RAW DATA:
_____
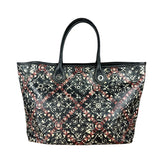 Chanel Optic Coco Chainlink Print Shoulder Tote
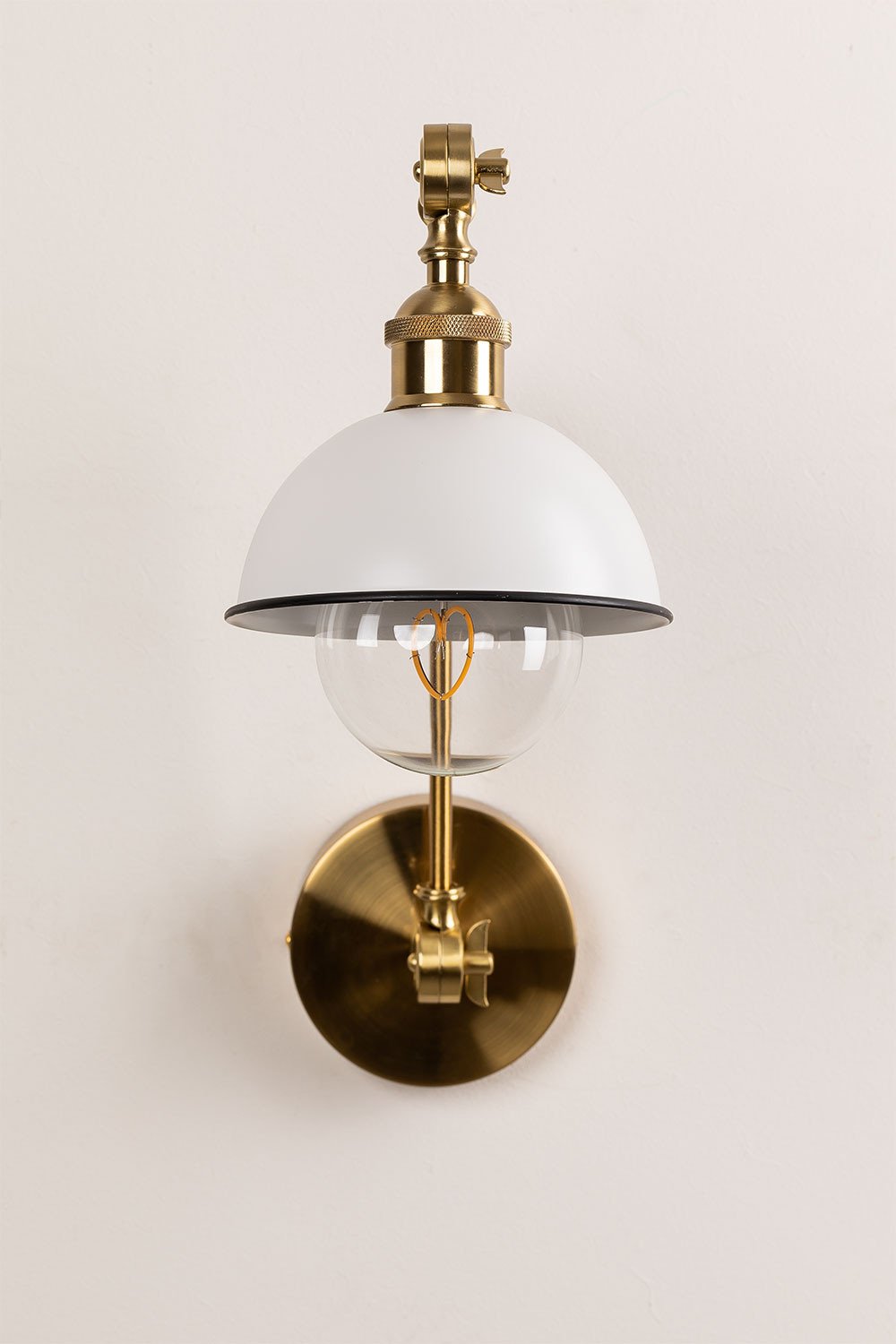 Ellmer iron wall lamp, gallery image 5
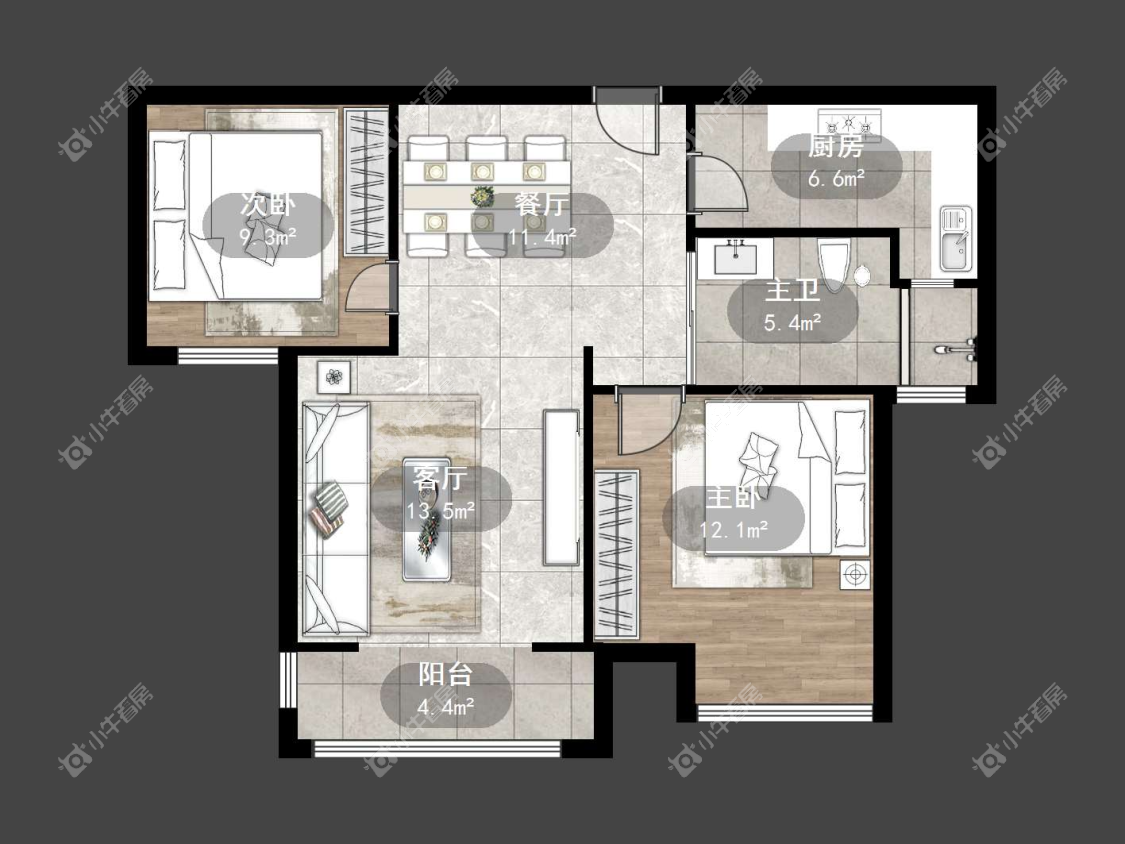 镇江美亚华悦在售二手房源户型图_小牛看房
_____
PROBLEM DETAILS: Lines before the one containing "Ellmer iron wall lamp, gallery image 5" are not wanted; write out that line and every later line through the end of the data above, exactly, without pictures.

EXERCISE RESULT:
 Ellmer iron wall lamp, gallery image 5
 镇江美亚华悦在售二手房源户型图_小牛看房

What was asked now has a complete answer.